Overall, machine learning and auto classification may seem like a benefit, but there could come a time when an administrator may worry about a point in which a system becomes "too smart." Enterprise search and auto classification is not likely to be an area where doomsday scenarios are going to occur, but it makes sense to evaluate this anyway. Technological professionals are not yet predicting the events of Terminator or other apocalyptic events where computers take over the world. Elon Musk remains at the forefront of modern technology. From the Tesla lineup of vehicles to building spacecrafts and investing in green technology, Mr. Musk has an in-depth understanding of computer technology. This includes artificial intelligence and computerized learning. In early July, 2017, Elon Musk stated Mark Zuckerberg, the creator and CEO of Facebook had a very limited understanding of AI and what it could potentially do (Tech Crunch, 2017).
Musk proved to be more right than anyone would have guessed (especially so soon). Less than a week after calling out Mark Zuckerberg, Facebook had to shut down an AI bot system it had put into place because the bots had created a unique language and stopped responding to prompts from Facebook. While the episode did not harm anyone, it shows the potentially devastating impact artificial intelligence can have, if not properly kept in check (Gadgets, 2017).
There's no denying how beneficial auto classification is to enterprise search. To provide the greatest benefit, auto-classification must rely on machine learning to tag and classify information as it crawls. Since this classification will be imprecise to start, a logic step is to add an administration process with the appropriate user experience to allow a person to monitor and approve and assist the automated process until the system can be trusted to categorize the content correctly on its own. In addition, this could potentially be used to control the system later if the AI gets out of hand.
In the long run however, as the recent Facebook incident has shown, it is vital to establish some sort of protocol to shut down the system, just in case the AI system progresses beyond the point of control. While all of this may sound entirely science fiction, it is quickly transforming into a reality.
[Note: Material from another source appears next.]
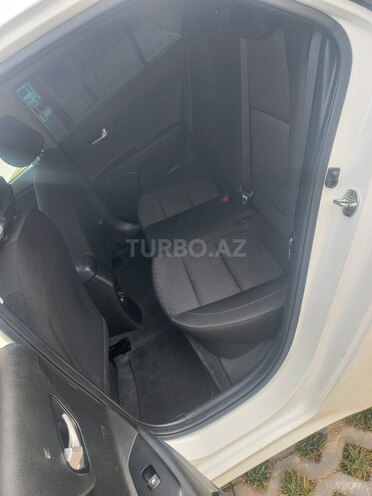 Kia Rio 2018, 107,000 km - 1.6 l - Bakı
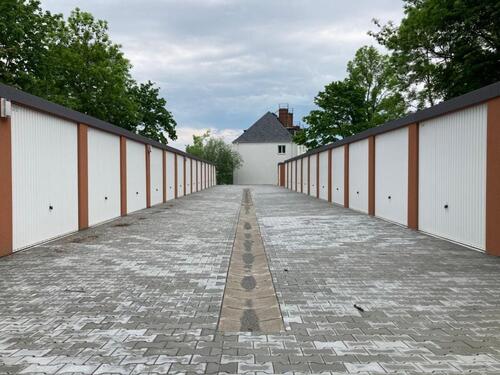 Foto - Garage in Annaberg Buchholz zu vermieten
So for any enterprise looking into implementing this kind of technology into its enterprise search application, setting up necessary safeguards to take it off-line is a must.
Implementing any kind of change into an enterprise network often takes a considerable amount of time. With that said, manually crawling, entering information, and tagging every single data file and piece of content within a network simply is not a feasible, nor a very smart, use of time or resource. Auto-classification has the ability to improve search results and the customer experience at the same time partially through search personalization, which in turn cuts search time and boosts employee productivity across the board. As the benefits of auto-classification greatly outweighs that of manual input, the organization must install safeguards and auto shut-off capabilities to ensure IT always, now and in the future, has complete control of the network.